朝のハグは、毎日の大切な習慣。これは私にとってもエネルギーの補充だった。
遥の匂い――少し甘い香りと、昨夜のインクの匂いが混ざったものが、私の服に染みつく。
キッチンでトーストを焼くのは、今日は私の役目。遥はコーヒーを淹れてくれる。遥の淹れるコーヒーは、苦みが優しくて、毎朝の目覚めを鮮やかにする。
「綾のトースト、焦げてるよ」
遥がからかう。私は肩をすくめて、「遥のコーヒーみたいに完璧じゃないよ」と言う。
私は遥みたいにきちんとできない、できないというより面倒が勝ってしまって大ざっぱになってしまう。
食卓で向かい合って、昨日の出来事を話す。遥の新しい依頼の話、私の会社のくだらない小噺。
遥はフォークを止め、まっすぐ私を見て言う。
「綾の話、好き。もっと聞かせて」
その視線が、胸の奥をあたためる。
私の話なんて愚痴なのにそうやって心の闇を洗ってくれて、気持ちよく会社に出勤させてくれている。
本当にありがとうって感謝してキスでもしたいんだけど、止まらなくなって遅刻する可能性があるから早く準備しないと。
準備をしながら、窓の外を見る。
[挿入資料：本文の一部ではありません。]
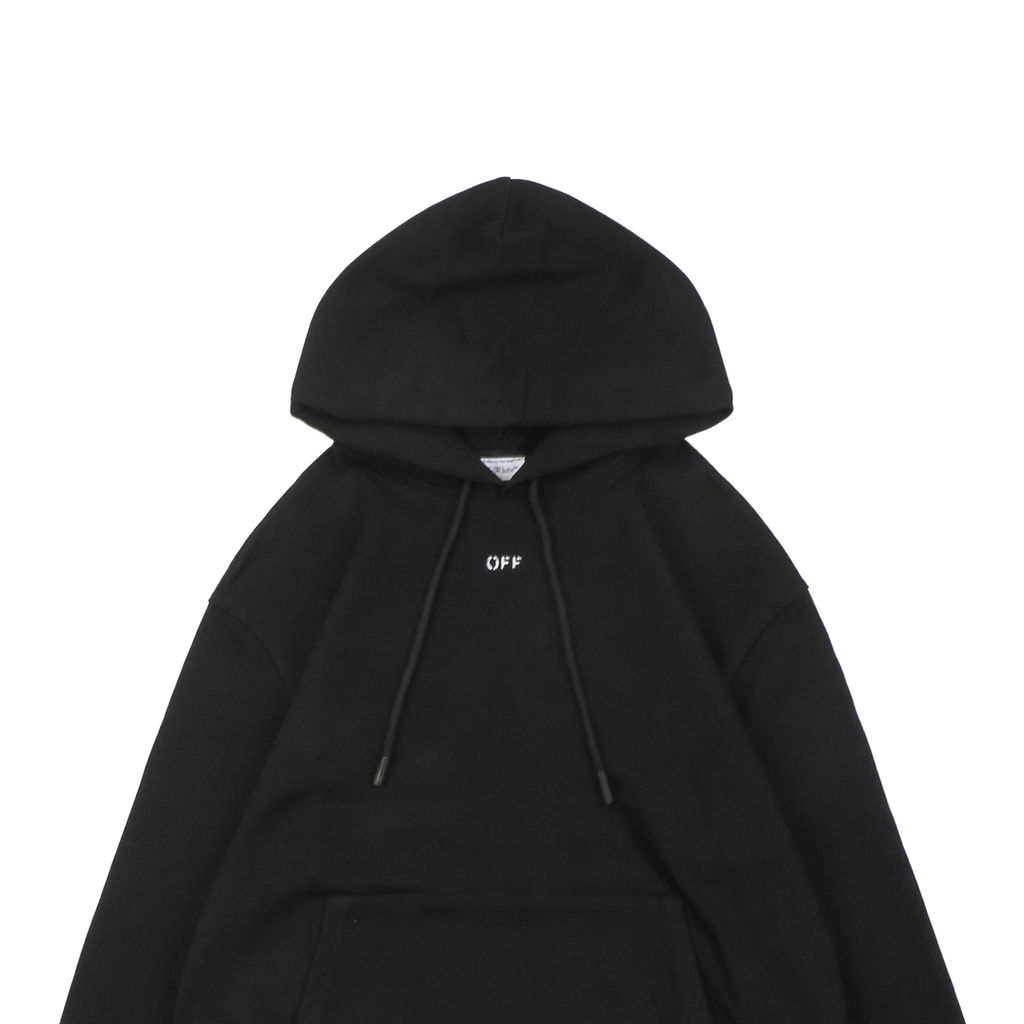 Off White Moon Anchor Arrow print hoodie 400g cotton French terry Mimaki digital print heat press cold peel color matched drawcord ribbing streetwear pullover sizes XS-L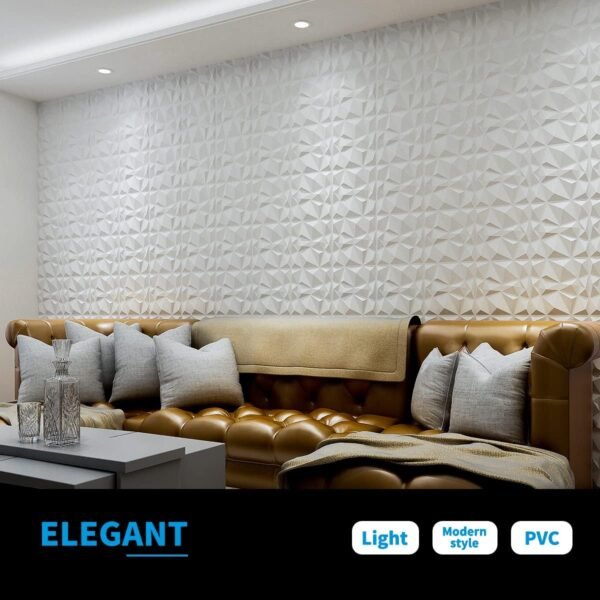 Decorative 3D Wall Panels in Diamond Design, 12"x12" Matt White for Home and Office Decor (33 Pack) - Image 6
今日は雨の予報。空が灰色に染まって、心が少し重くなる。
玄関で靴を履くと、遥が後ろから抱きついてくる。
「行ってらっしゃい。早く帰ってきてね」
遥の声が耳に残る。私は振り向いて、軽く唇を重ねる。
ミルクのような甘い味。遥のキスは、雨の日を晴れに変えてくれる。
会社はいつもの騒がしさ。デスクで資料をまとめ、上司の指示に追われる。午後の会議で、雨が窓を叩き始める。外の景色がぼやけて、ふと遥のことを思う。あの出会いの雨を。去年の春、ずぶ濡れのカフェで、遥のスケッチブックが私の視界に入った瞬間。
遥の描く線が、私の孤独を優しく撫でた。あれから、遥は私の雨を、すべて受け止めてくれるようになった。
夕方、残業を切り上げてアパートへ急ぐ。傘を差して歩く道中、雨粒がコートに跳ねる。
いつも鍵を回す手が震えてしまう。遥のことが心配だったり、この生活が実は幻なんじゃないかと思っちゃう不安が入り混じる。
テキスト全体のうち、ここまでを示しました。